What to do: From the very first line of the data to the line containing "Happy Halloween. Vector", retype everything exactly, leaving the pictures behind.

Given data:
»»

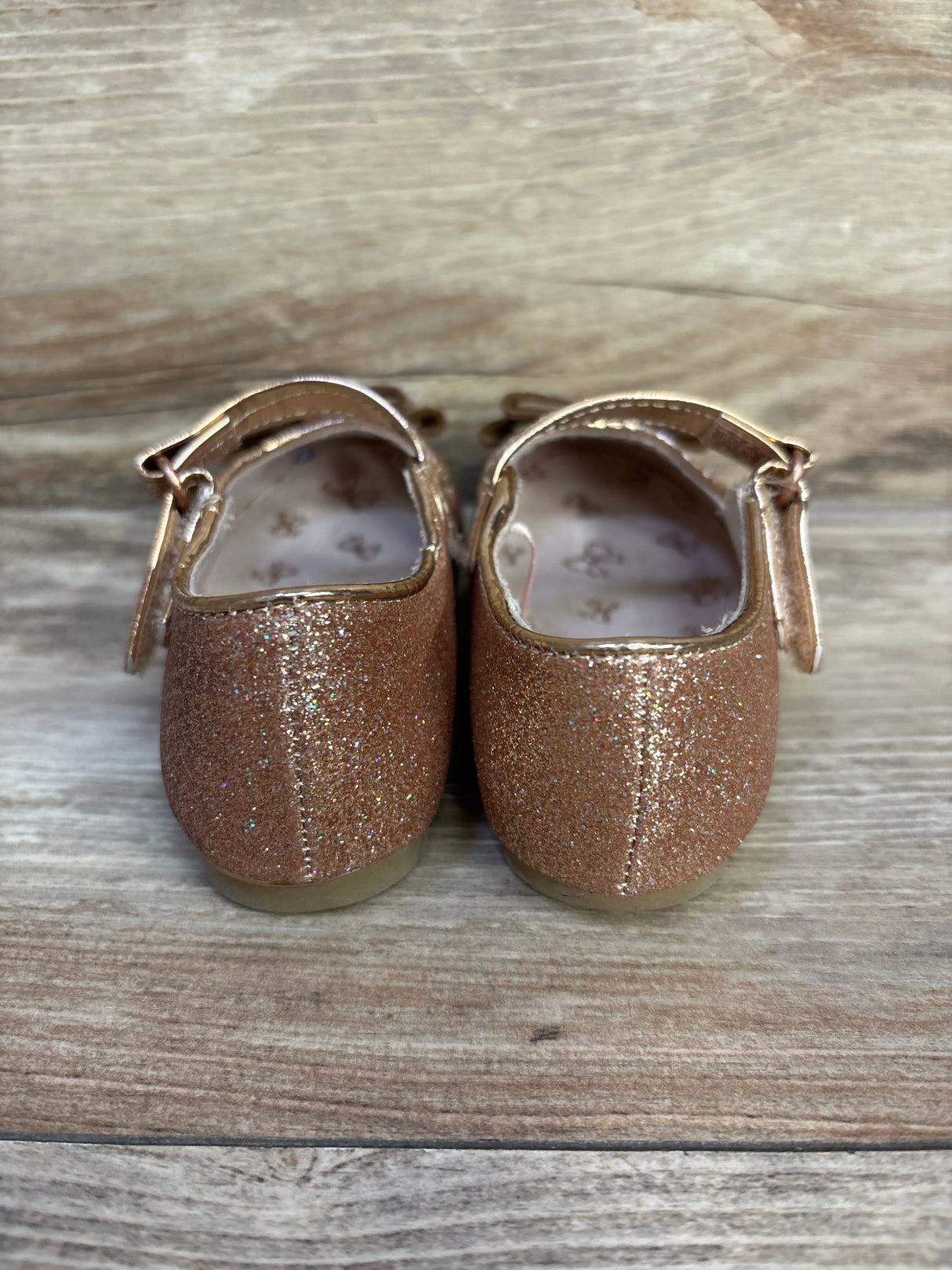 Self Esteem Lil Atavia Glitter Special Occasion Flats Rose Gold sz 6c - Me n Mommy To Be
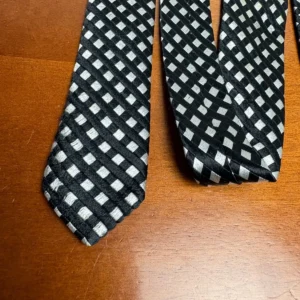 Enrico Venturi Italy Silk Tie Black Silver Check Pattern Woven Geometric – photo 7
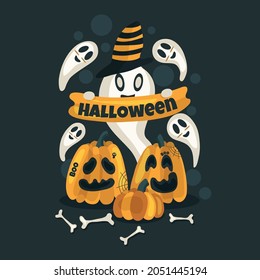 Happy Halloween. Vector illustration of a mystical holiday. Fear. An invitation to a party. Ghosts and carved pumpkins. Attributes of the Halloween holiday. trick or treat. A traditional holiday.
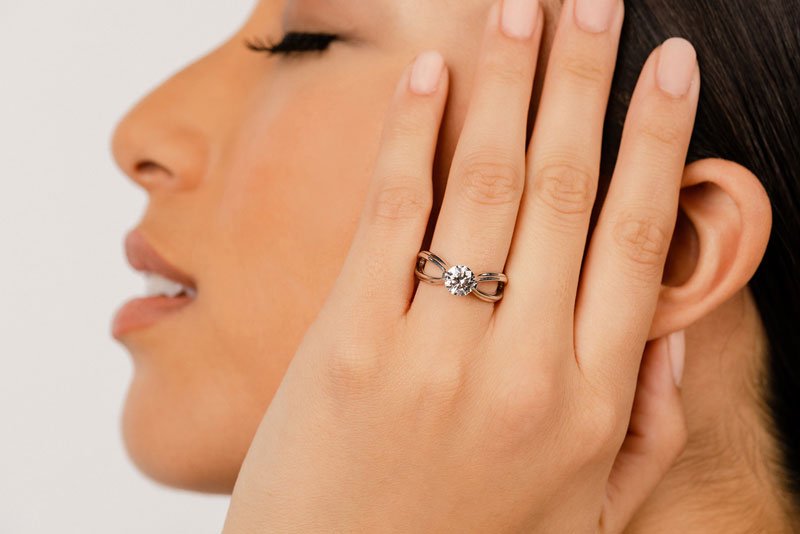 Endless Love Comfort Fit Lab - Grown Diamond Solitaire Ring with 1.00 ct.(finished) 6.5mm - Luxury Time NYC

««

Result of this exercise:
 Self Esteem Lil Atavia Glitter Special Occasion Flats Rose Gold sz 6c - Me n Mommy To Be
 Enrico Venturi Italy Silk Tie Black Silver Check Pattern Woven Geometric – photo 7
 Happy Halloween. Vector illustration of a mystical holiday. Fear. An invitation to a party. Ghosts and carved pumpkins. Attributes of the Halloween holiday. trick or treat. A traditional holiday.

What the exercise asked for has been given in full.